◆ TO DO:
Write out exactly the lines running from the one with "Arisen Flame &" to the end of the data, including both of those lines and excluding pictures.

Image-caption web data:
◆ ◆ ◆ ◆ ◆
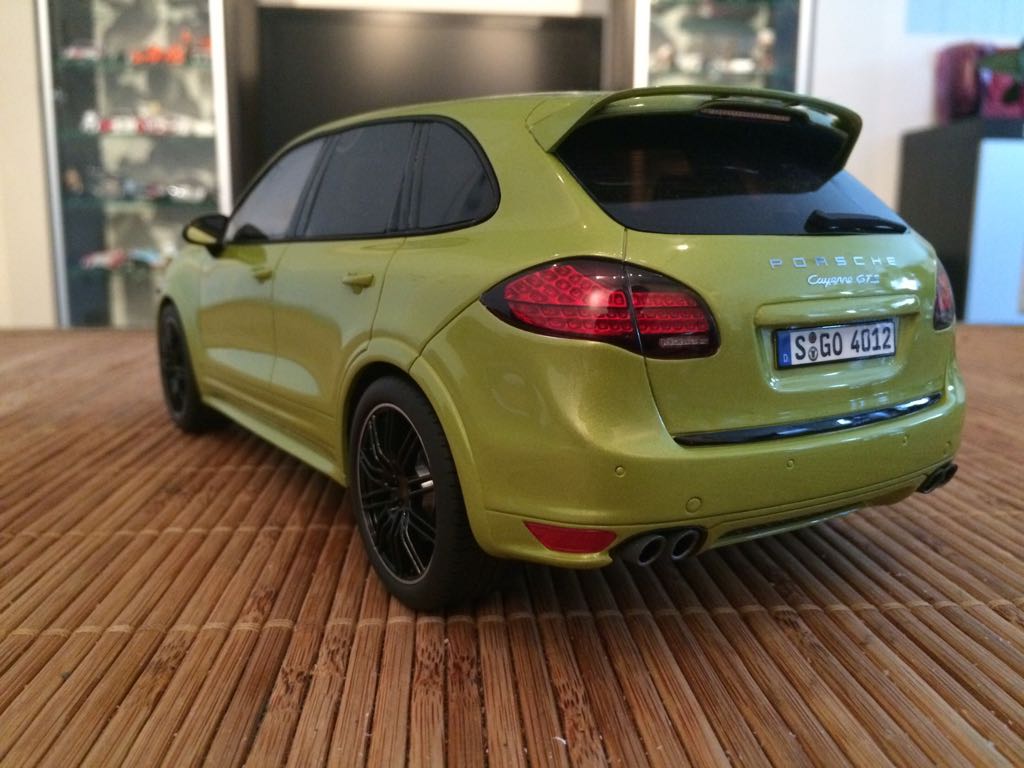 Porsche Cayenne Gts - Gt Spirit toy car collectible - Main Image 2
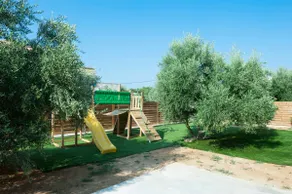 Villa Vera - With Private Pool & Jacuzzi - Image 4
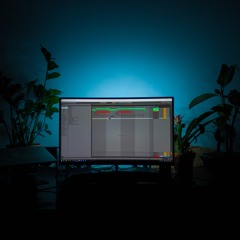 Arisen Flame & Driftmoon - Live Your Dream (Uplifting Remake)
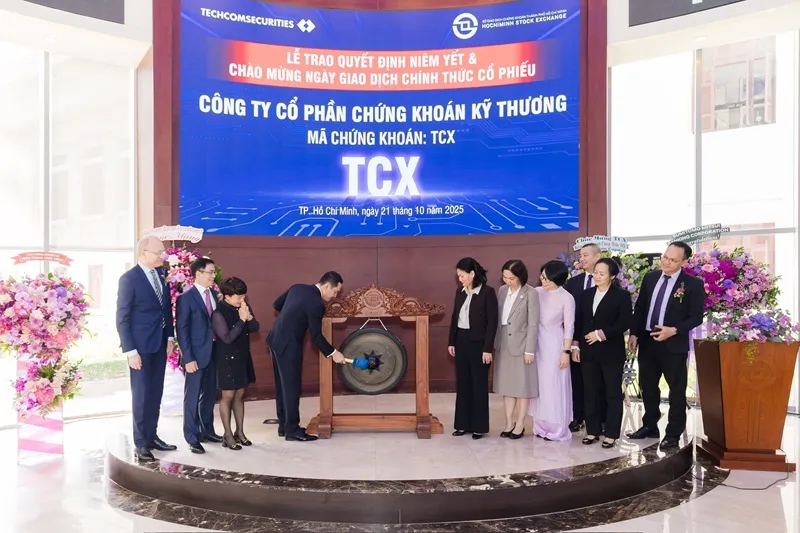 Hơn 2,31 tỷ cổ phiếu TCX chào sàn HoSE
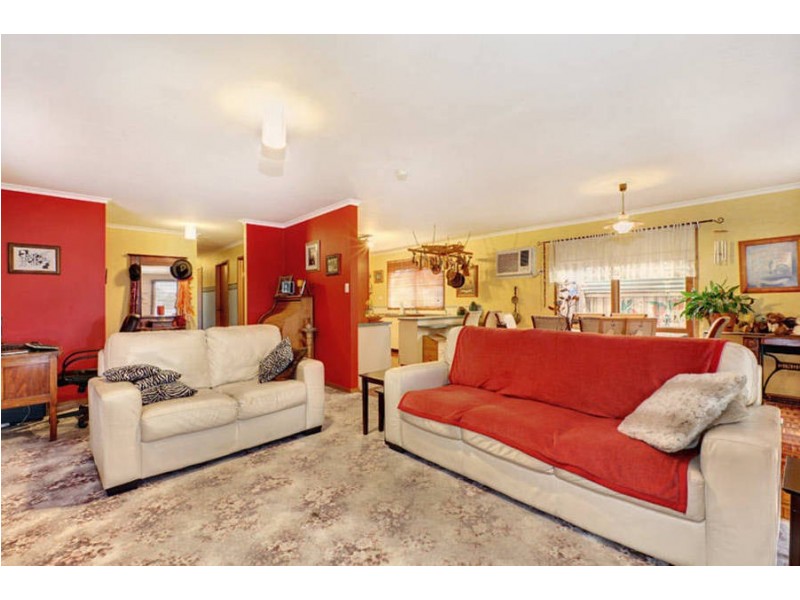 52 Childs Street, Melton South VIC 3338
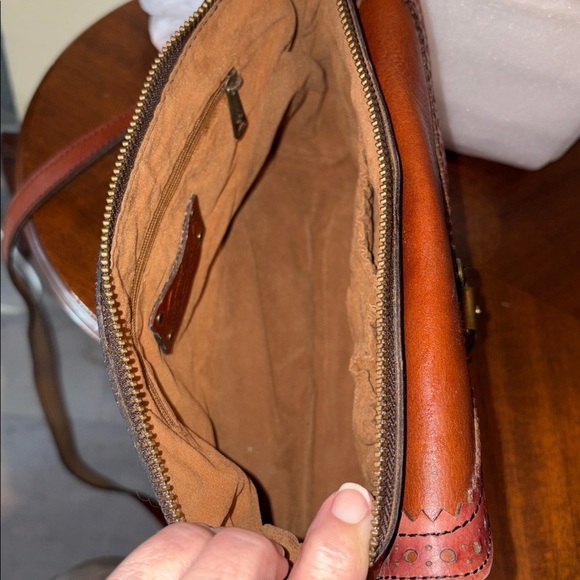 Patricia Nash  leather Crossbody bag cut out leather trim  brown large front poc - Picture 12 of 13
◆ ◆ ◆ ◆ ◆
◆ ANSWER SECTION:
 Arisen Flame & Driftmoon - Live Your Dream (Uplifting Remake)
 Hơn 2,31 tỷ cổ phiếu TCX chào sàn HoSE
 52 Childs Street, Melton South VIC 3338
 Patricia Nash  leather Crossbody bag cut out leather trim  brown large front poc - Picture 12 of 13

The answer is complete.